BLAMING THE DEFECTORS

How many families do you think Korchnoi wanted? Why do

you think he ditched his family in the first place? -- Jurgen

Jurgen checks in. Defectors are now those who
"ditch" their families. And it is true: those who
escape totalitarian regimes, another would be GM Lev
Alburt, often make the choice of seeking freedom at
the expense of slaves left behind.

Karpov becomes at worst a neutral figure --
though some here like David Kane admire him --
as he toadied to a regime that murdered, if one
accepts the figures of noted demographer Murray
Feshbach, 100 million of its own citizens.

Korchnoi? He becomes a guy who ditches his family.

When Igor and Anna Gouzenko defected, they had
to know that their families likely would be eliminated by
Stalin.

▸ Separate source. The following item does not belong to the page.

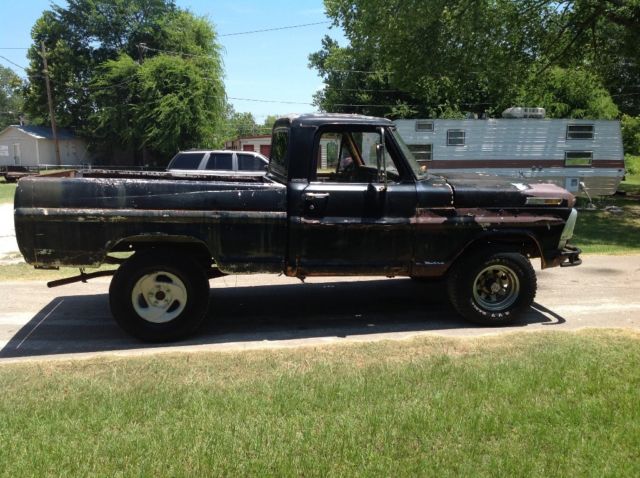 1969 Ford F-100 - photo 4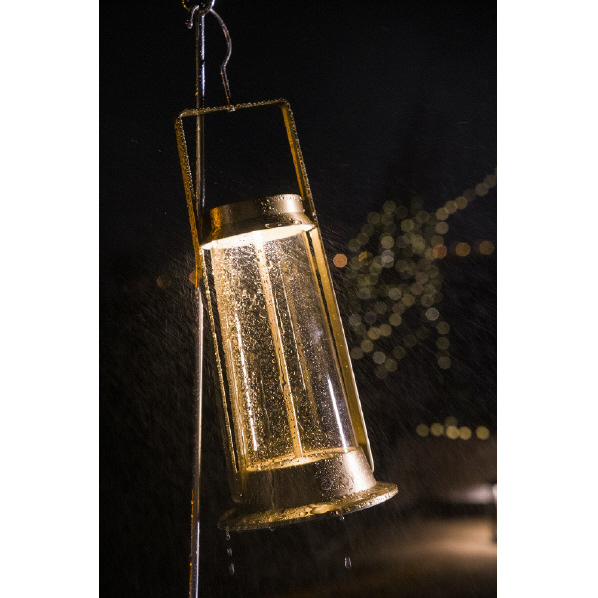 トゥビセン LEDポータブルランプ EXPLORER ゴールド EXPLORER-GL EXPLORER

Those who spoke up in the great literature of
honor -- Jerzy Gliksman in "Tell the West;"Vladimir
Tchernavin in "I Speak for the Silent" Elizaveta
Lermolo in "Face of a Victim" and so many others --
sentenced relatives to death in the concentration camp
regime they left behind.

In the case of Aleksandr Solzhenitsyn, he smuggled a
manuscript of The Gulag Archipelago to a woman who
was arrested, tortured, revealed the location of the
manuscript she was hiding, and then committed suicide.
In a sense Solzhenitsyn had some responsibility for
her sad end.

But some of us are aware who the bad guys were
-- the Cheka, OGPU, KGB torturers and bosses, not
those who "ditched" their families.

Yours, Larry Parr



Jürgen R. wrote:
[...]

Korchnoi became the target of Soviet wrath when he defected in 1976.
First they tried to disqualify him from a title shot on the grounds
that he was stateless, but FIDE had the courage to declare that
challengers represented themselves as individuals, not their nations.
FIDE nonetheless bowed to Soviet pressure by forcing Korchnoi to
accept a rematch clause that FIDE had stricken in 1963.


The clock will soon have stricken 12 for chess journalists
without a command of the irregular verb forms.

Then the Soviet Union refused to release Korchnoi?s family


How many families do you think Korchnoi wanted? Why do you think
he ditched his family in the first place?